Mijns inziens is een jaar een redelijke termijn om een mvv-aanvraag in te dienen. Hiermee wordt bovendien een verband gelegd met de noodzakelijke aansluiting op het inburgeringstraject in Nederland. Wanneer de geldigheidsduur van het basisexamen zou worden verlengd, bestaat het risico dat de verworven basiskennis van de Nederlandse taal en samenleving, die nodig is om de volgende stap te zetten in het inburgeringstraject in Nederland, verloren gaat. Wanneer een langere termijn is verstreken tussen het tijdstip waarop de vreemdeling het basisexamen met goed gevolg heeft afgelegd en het tijdstip waarop de vreemdeling daadwerkelijk naar Nederland komt en alhier verder gaat met zijn inburgering, wordt voorbij gegaan aan het doel van de Wet inburgering in het buitenland. Ik acht het daarom onwenselijk om de geldigheidsduur van het examen te verlengen.

Mocht tijdens de wetsevaluatie echter blijken dat de aansluiting tussen de inburgering in het buitenland en de inburgering in Nederland en de aansluiting met de IND-procedures niet voldoende gewaarborgd zijn, dan zal ik mij opnieuw bezinnen over de geldigheidsduur van het basisexamen.

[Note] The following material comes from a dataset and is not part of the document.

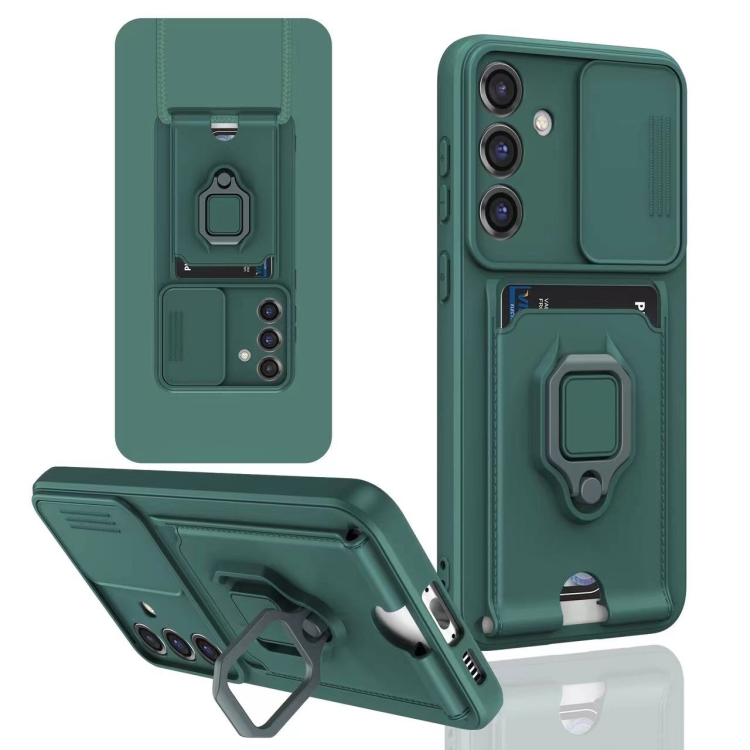 

For Samsung Galaxy S24+ 5G Sliding Camshield Magnetic Card Holder Silicone Phone Case(Dark Night Green)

De minister voor Wonen, Wijken en Integratie,

C. P. Vogelaar


XNoot
1

Ter inzage gelegd bij het Centraal Informatiepunt Tweede Kamer.

XNoot
1

INDIAC (2007) Monitor Inburgeringsexamen Buitenland, november 2007, p. 12.

XNoot
1

Ter inzage gelegd bij het Centraal Informatiepunt Tweede Kamer.

XNoot
1

De Nederlandse vertegenwoordiging in het buitenland vult het opleidingsniveau in in registratiesysteem IEBS en hanteert daarbij de volgende definitie van opleidingsniveau: t/m basisschool is «laag»; vanaf HBO/Universiteit is «hoog». Gemiddeld zijn alle opleidingsniveaus daartussen.

XNoot
2

De doelgroep van de Wib bestaat uit vreemdelingen in de leeftijd van 16 tot 65 jaar die voor hun komst naar Nederland in het bezit moeten zijn van een machtiging tot voorlopig verlijf (mvv) en die voor een niet-tijdelijk verblijfsdoel naar Nederland komen. Het Informatie- en Analysecentrum van de IND heeft deze doelgroep met terugwerkende kracht in kaart gebracht teneinde trends met betrekking tot kenmerken van potentiële kandidaten in beeld te kunnen brengen.

XNoot
1

Het met succes behalen van het basisexamen inburgering is een van de voorwaarden voor het verkrijgen van een machtiging tot voorlopig verblijf (mvv). Met een mvv kan in Nederland een verblijfsvergunning regulier voor beperkte tijd worden aangevraagd.

XNoot
2

Art 3.71a Vreemdelingenbesluit luidt: Een vreemdeling beschikt over kennis op basisniveau van de Nederlandse taal en van de Nederlandse maatschappij als bedoeld in artikel 16, eerste lid, onder h, van de Wet, indien hij binnen één jaar direct voorafgaand aan de aanvraag om de machtiging tot voorlopig verblijf het basisexamen inburgering, bedoeld in artikel 3.98a, met goed gevolg heeft afgelegd.